It doesn’t matter that the attacks usually fail in the end, and the person victimised in the attack is eventually freed. The goal is harassment and to "control the online dialogue". Apparently they can’t win a political battle based on the merits of their ideas alone, and to me that’s the worst part of this whole thing.

Saturday, March 02, 2013

‘Let’s treat everybody fairly’


In this video, President Obama talks about how the fight for marriage equality is based on the ideas on which the USA is founded. He talks further about his personal views and how that relates to his administration’s brief on California’s Proposition 8.

What I find remarkable about this is that the President of the United States is talking about ME and my rights. The president is talking about my human rights and, basically, my humanity. I can honestly say that 20 years ago—hell, TEN years ago—I couldn’t have imagined a US President arguing that the equal protection provisions of the US Constitution apply to GLBT people and our human right to marry.

I still find this absolutely extraordinary.

Friday, March 01, 2013

Busy day for marriage

This has been a very busy day for marriage equality, with a lot of really positive things happening. So, it’s been a good day.

The biggest news of the day, of course, was that the Obama Administration has filed an amicus brief with the US Supreme Court, asking it to strike down California’s Proposition 8, which took away the right of gay couples to marry.

US Attorney General Eric Holder issued a statement the US government’s filing , saying in part:
“In our filing today in Hollingsworth v. Perry, the government seeks to vindicate the defining constitutional ideal of equal treatment under the law. Throughout history, we have seen the unjust consequences of decisions and policies rooted in discrimination. The issues before the Supreme Court in this case and the Defense of Marriage Act case are not just important to the tens of thousands Americans who are being denied equal benefits and rights under our laws, but to our Nation as a whole.”
I think he’s absolutely right, and presented what is the essential compelling reason for the Obama Administration to enter into the fray on this issue: “To vindicate the defining constitutional ideal of equal treatment under the law.”

Several other briefs were filed today, which was the last day to do so, and chief among the other ones was the amicus brief from the American Sociological Association. I mentioned this brief in a post earlier today, saying:
The ASA brief demolishes the studies used by the rightwing—including here in New Zealand—to argue that gay people are bad parents and, therefore, should not be allowed to marry. It seems obvious to me is that what the ASA did was show that the radical right is promoting prejudice, not scientific fact.
Meanwhile, a couple days ago, 131 Republicans also filed an amicus brief arguing that gay people have a constitutional right to marry. The tide is clearly turning—no, it’s already turned. In fact, the radical right is SO upset about this particular development that the Vatican’s front man, Brian Brown, attacked the list of Republicans as not “actively in politics”, apparently completely ignorant of the fact that two of the signators are sitting US Representatives. Oops.

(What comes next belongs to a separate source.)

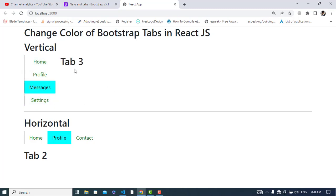So that was all about changing the color, the background color, and customizing the Bootstrap tabs in React.js. If you liked the video, please subscribe to our YouTube channel. Thanks for watching!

So, this has been a good week in the struggle for marriage equality, and an especially good day. We’ll see plenty more of both.

Parenting in the debate

The one thing that radical rights screams loudest when fighting against marriage equality is, “Think of the children!” It’s among their most offensive political slogans.

When the Government Administration Committee reported back to the NZ Parliament on the marriage equality bill, they had this to say about adoption:
We acknowledge that some people feel very strongly about the issue of adoption of children by same-sex couples and transgender people. If the bill were to pass, it would make consequential amendments to the Adoption Act 1955 that would have the effect of enabling married same-sex couples to adopt children lawfully, as any married couple may do.

Many opponents of the bill are not in favour of same-sex couples being allowed to adopt children. Some argue that if changes to adoption laws are to be made this should be done through a bill that specifically amends the Adoption Act 1955. These opponents also consider a family with a mother and a father married to each other to lead to the best outcomes for children.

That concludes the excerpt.